Gerardus Geldenhouwer

Gerard Geldenhouwer

Gerardus Geldenhouwer (Nijmegen, 1482 - Marburg, 10 januari 1542) was een Nederlands historicus.

Geldenhouwer was afkomstig uit een Nijmeegs patriciërsgezin. Zijn vader, die eveneens Gerard heette, was kamerdienaar aan het hof van Arnold en Adolf van Egmond, de hertogen van Gelre. Hij ontving zijn opleiding aan de Latijnse School in Deventer, alvorens bij de augustijner koorheren in te treden. Na zijn intrede studeerde hij in Leuven. Hier schreef hij zijn eerste publicaties, waaronder een bundel satiren in de trant van Erasmus' Lof der Zotheid. Ook heeft hij in deze periode de druk verzorgd van verscheidene werken van Erasmus en Thomas More.

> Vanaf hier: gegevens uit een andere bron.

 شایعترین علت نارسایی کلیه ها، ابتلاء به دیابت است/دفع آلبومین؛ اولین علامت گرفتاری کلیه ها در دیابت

Tussen 1515 en 1524 was hij in dienst van Filips van Bourgondië. Deze onwettige zoon van Filips de Goede was eerst admiraal van Vlaanderen en later bisschop van Utrecht. In Utrecht kwam Geldenhouwer in contact met het protestantisme van Luther. Na de dood van Fillips reisde hij door de Nederlanden en Duitsland, onder andere naar de stad Wittenberg om Luther te horen. In 1526 trad hij uit de augustijner orde en trouwde.

Zes jaar later werd hij tot hoogleraar benoemd aan de nieuw gestichte Lutherse universiteit van Marburg, eerst in de geschiedenis en later in de nieuwtestamentische theologie. Geldenhouwer had zijn sporen in de geschiedenis verdiend met onder meer twee studies naar de geschiedenis van de Bataven en hun historische belang voor Gelre en de stad Nijmegen. Hij is waarschijnlijk aan de pest gestorven op 10 januari 1542.

Publicaties[bewerken | brontekst bewerken]

  • Lucubratiuncula de Batavorum insula (1520)
  • Historia Batavica (1530; een herziene herdruk 1541). De herdruk uit 1541 is gedigitaliseerd.[1]
  • Germaniae Inferioris historiae (1532)
  • Germanicarum historiarum illustratio (1542)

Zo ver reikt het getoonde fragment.